EXERCISE GOAL.
Below this line is the material. Write out only its lines from the one containing "Cucina Fruits &" through the one containing "2 Pieces Raised", both kept, exactly.

━━ RECORDS TO PROCESS

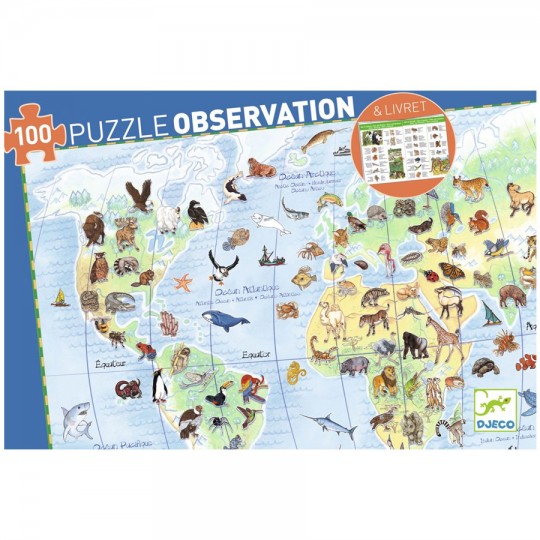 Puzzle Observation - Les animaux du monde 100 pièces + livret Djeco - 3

━━━━
━━ RECORDS TO PROCESS

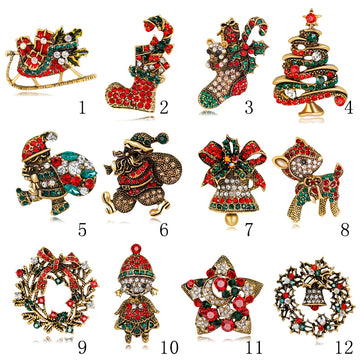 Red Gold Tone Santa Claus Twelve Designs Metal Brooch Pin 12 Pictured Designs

━━━━
━━ RECORDS TO PROCESS

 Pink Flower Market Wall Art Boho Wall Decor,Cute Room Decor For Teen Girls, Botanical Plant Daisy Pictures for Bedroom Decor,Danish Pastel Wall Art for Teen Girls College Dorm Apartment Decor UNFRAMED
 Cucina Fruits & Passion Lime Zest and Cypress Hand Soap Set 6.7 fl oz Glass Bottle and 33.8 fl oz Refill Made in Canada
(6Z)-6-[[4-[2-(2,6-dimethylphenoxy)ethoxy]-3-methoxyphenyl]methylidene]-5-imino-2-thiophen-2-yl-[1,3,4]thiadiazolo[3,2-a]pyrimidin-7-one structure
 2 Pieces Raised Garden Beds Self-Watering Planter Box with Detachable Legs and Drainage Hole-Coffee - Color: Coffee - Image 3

━━━━

ANSWER BOX.
 Cucina Fruits & Passion Lime Zest and Cypress Hand Soap Set 6.7 fl oz Glass Bottle and 33.8 fl oz Refill Made in Canada
(6Z)-6-[[4-[2-(2,6-dimethylphenoxy)ethoxy]-3-methoxyphenyl]methylidene]-5-imino-2-thiophen-2-yl-[1,3,4]thiadiazolo[3,2-a]pyrimidin-7-one structure
 2 Pieces Raised Garden Beds Self-Watering Planter Box with Detachable Legs and Drainage Hole-Coffee - Color: Coffee - Image 3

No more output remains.